--- SUPPLIED INFORMATION ---
****************

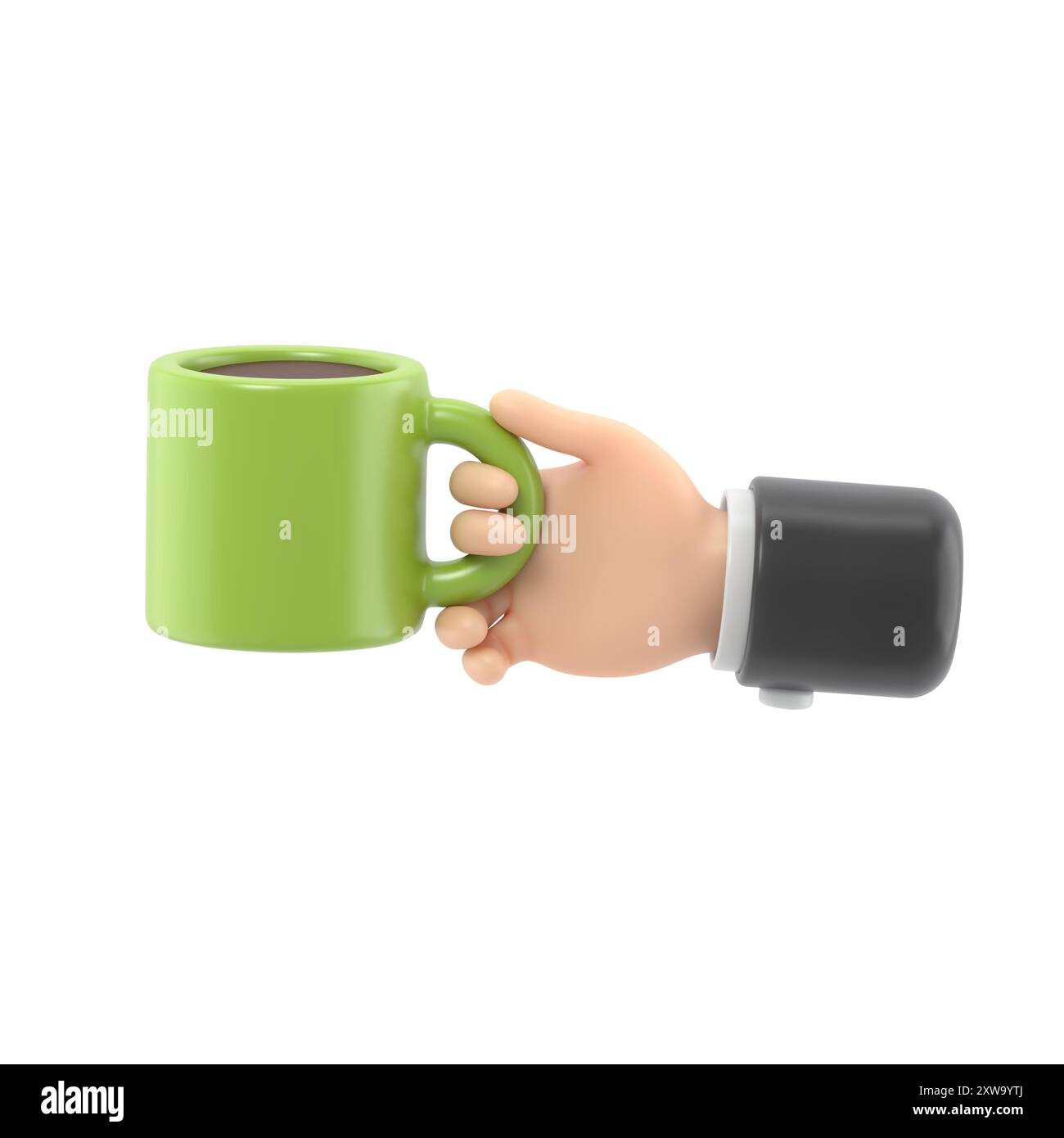 Icona del gesto del cartone animato Mockup.mano del cartone animato che tiene la tazza di caffè fumante.Rendering 3D su sfondo bianco. Foto Stock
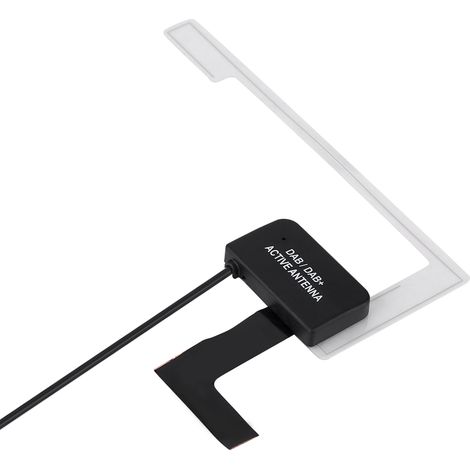 Antenne active pour autoradio numérique DAB/DAB+ SMB à angle droit, fixation sur vitre. (1/5)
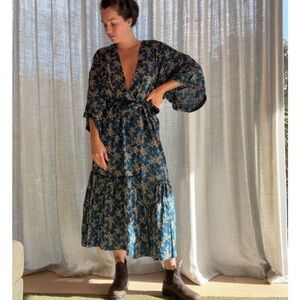 Anthropologie teal blue floral rope dress‎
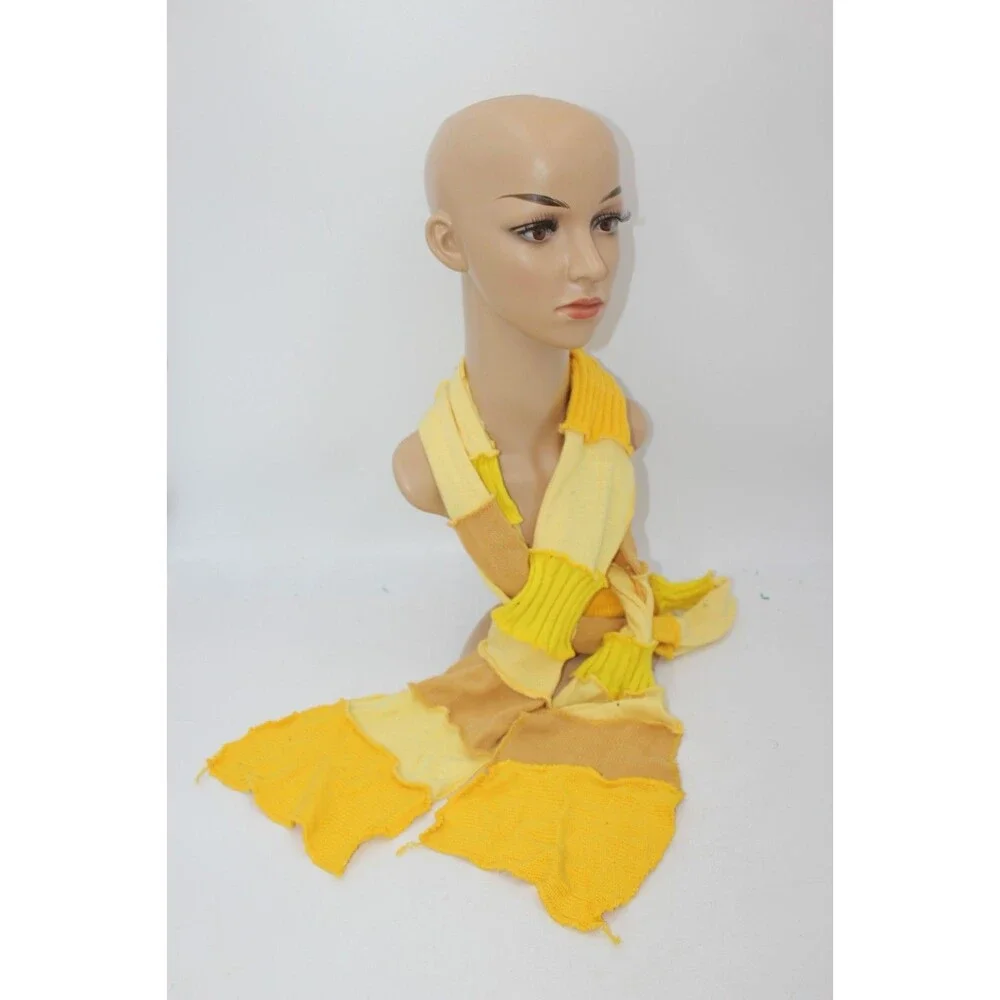 Scarf Upcycled Yellow Bright Fun Sweaters Winter Wedding Aprx 9' Long Handmade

****************

--- WHAT IS REQUIRED ---
From the line containing "Anthropologie teal blue floral rope dress‎" to the last line of the material, every line is to be reproduced exactly. No picture belongs in the copy.

--- RESULT BELOW ---
 Anthropologie teal blue floral rope dress‎
 Scarf Upcycled Yellow Bright Fun Sweaters Winter Wedding Aprx 9' Long Handmade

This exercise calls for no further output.